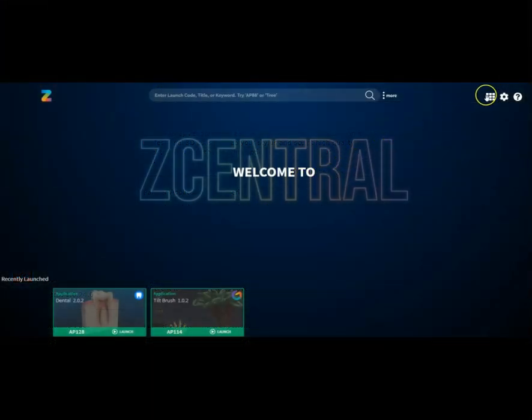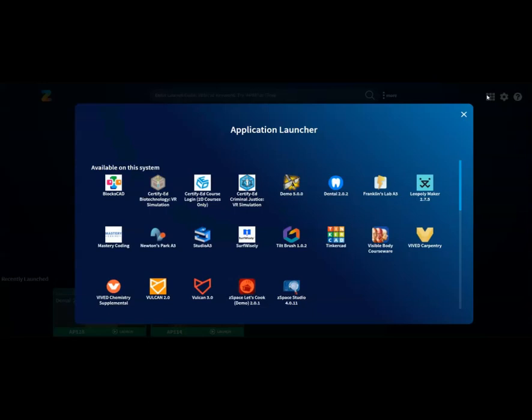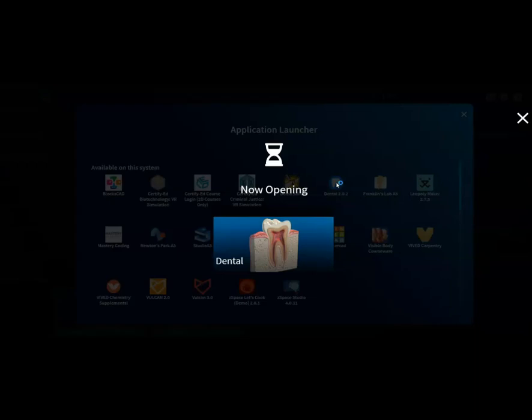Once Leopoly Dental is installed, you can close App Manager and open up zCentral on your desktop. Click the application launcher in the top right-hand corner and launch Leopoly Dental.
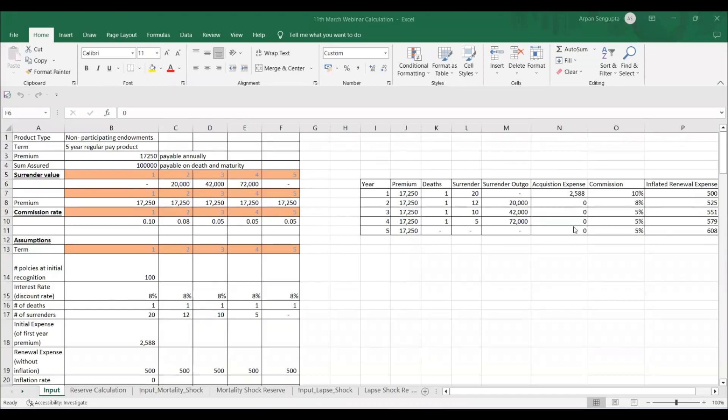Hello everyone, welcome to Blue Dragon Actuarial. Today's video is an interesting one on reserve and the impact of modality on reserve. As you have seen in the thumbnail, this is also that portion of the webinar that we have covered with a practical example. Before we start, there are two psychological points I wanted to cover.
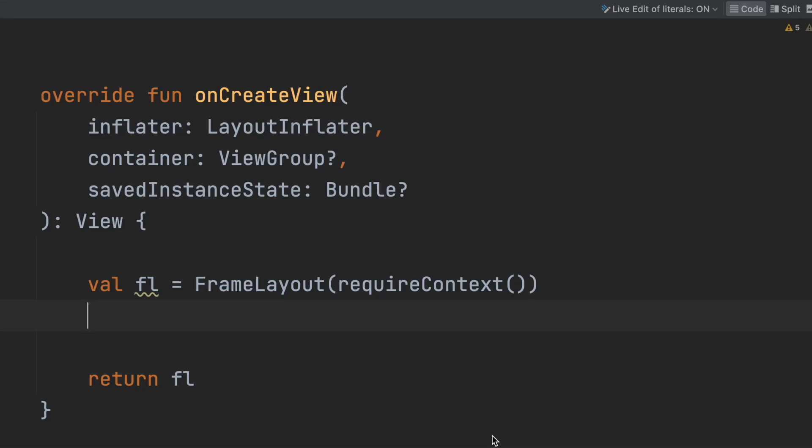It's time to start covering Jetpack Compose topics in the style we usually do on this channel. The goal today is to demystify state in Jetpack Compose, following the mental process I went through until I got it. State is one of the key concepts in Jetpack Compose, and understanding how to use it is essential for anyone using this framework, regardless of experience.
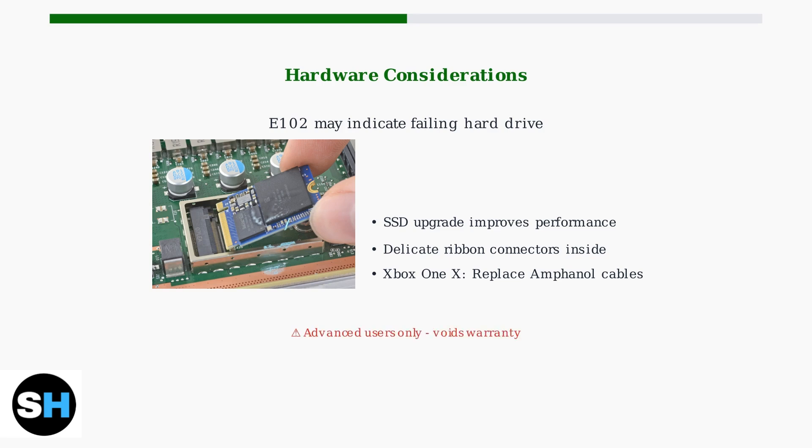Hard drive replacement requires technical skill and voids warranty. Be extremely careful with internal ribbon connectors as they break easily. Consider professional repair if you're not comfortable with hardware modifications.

::::

▸ **About this task**:
Copy the listing exactly. Leave the pictures out.

▸ **Exercise answer**:
Once Leopoly Dental is installed, you can close App Manager and open up zCentral on your desktop. Click the application launcher in the top right-hand corner and launch Leopoly Dental.
Hello everyone, welcome to Blue Dragon Actuarial. Today's video is an interesting one on reserve and the impact of modality on reserve. As you have seen in the thumbnail, this is also that portion of the webinar that we have covered with a practical example. Before we start, there are two psychological points I wanted to cover.
It's time to start covering Jetpack Compose topics in the style we usually do on this channel. The goal today is to demystify state in Jetpack Compose, following the mental process I went through until I got it. State is one of the key concepts in Jetpack Compose, and understanding how to use it is essential for anyone using this framework, regardless of experience.
Hard drive replacement requires technical skill and voids warranty. Be extremely careful with internal ribbon connectors as they break easily. Consider professional repair if you're not comfortable with hardware modifications.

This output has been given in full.